EXERCISE GOAL: Quote only the span from the first line of the entries to the line containing "Cover von Salat & Dressing", both ends kept. Leave every picture out.

DATASET:
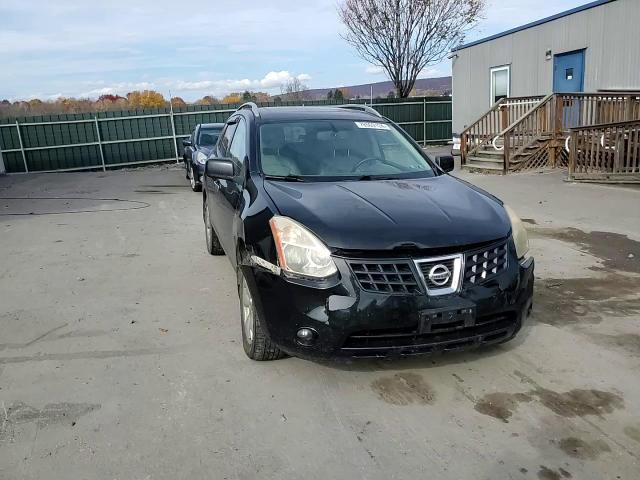 2009 Nissan Rogue S VIN: JN8AS58V99W441118 Lot: 78509104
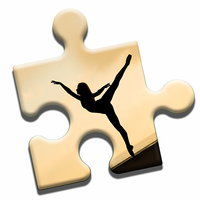 Dancing Love Puzzle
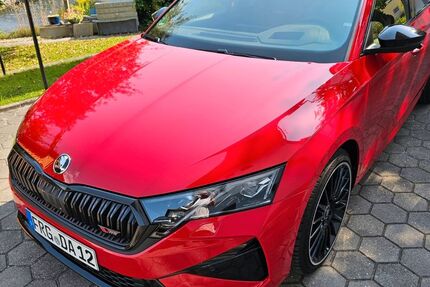 Skoda Octavia 9.500 km 39.800 &euro; Waldkirchen 94065
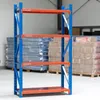Bauhus Moduł Dodatkowy Regału Magazynowego 250x150x60 cm Podgląd zdjęcia produktu 8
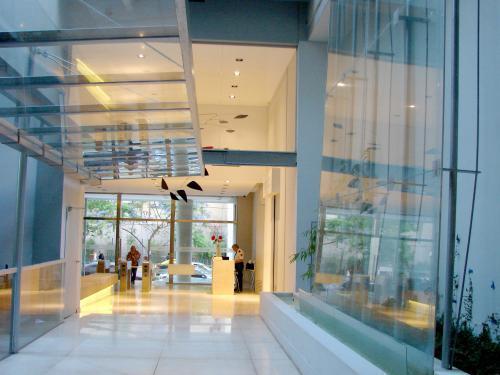 Departamento · 32m² · 1 Ambiente · 1 Cochera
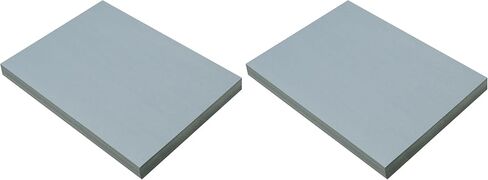 Prang (Formerly SunWorks) Construction Paper, Sky Blue, 12" x 9", 100 Sheets in Saudi Arabia
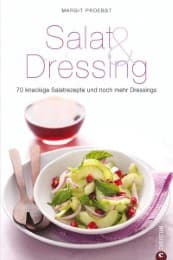 Cover von Salat & Dressing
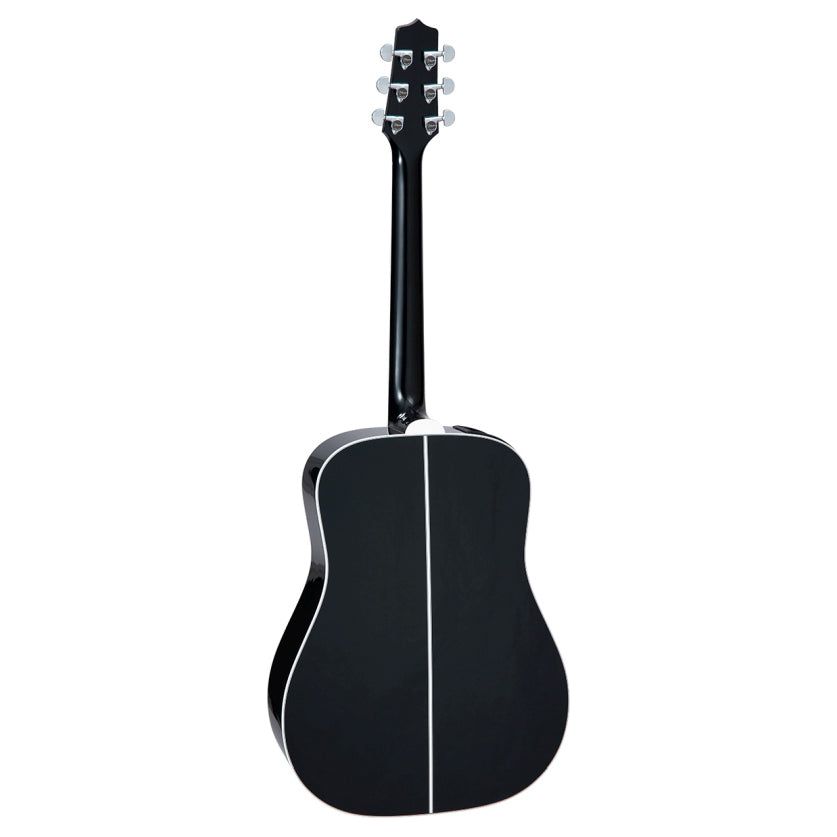 Takamine - FT341BS Dreadnought - Musik Utan Gränser 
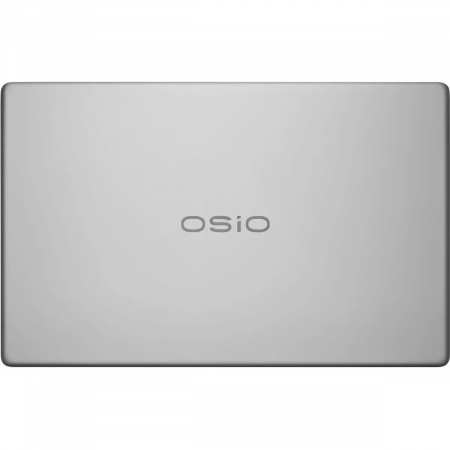 Ноутбук Osio FocusLine F140a-009 Ryzen 5 5500U 8Gb SSD512Gb AMD Radeon 14" IPS FHD (1920x1080) noOS grey WiFi BT Cam 6000mAh, фото , изображение 6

RESPONSE TO THIS EXERCISE:
 2009 Nissan Rogue S VIN: JN8AS58V99W441118 Lot: 78509104
 Dancing Love Puzzle
 Skoda Octavia 9.500 km 39.800 &euro; Waldkirchen 94065
Bauhus Moduł Dodatkowy Regału Magazynowego 250x150x60 cm Podgląd zdjęcia produktu 8
 Departamento · 32m² · 1 Ambiente · 1 Cochera
 Prang (Formerly SunWorks) Construction Paper, Sky Blue, 12" x 9", 100 Sheets in Saudi Arabia
 Cover von Salat & Dressing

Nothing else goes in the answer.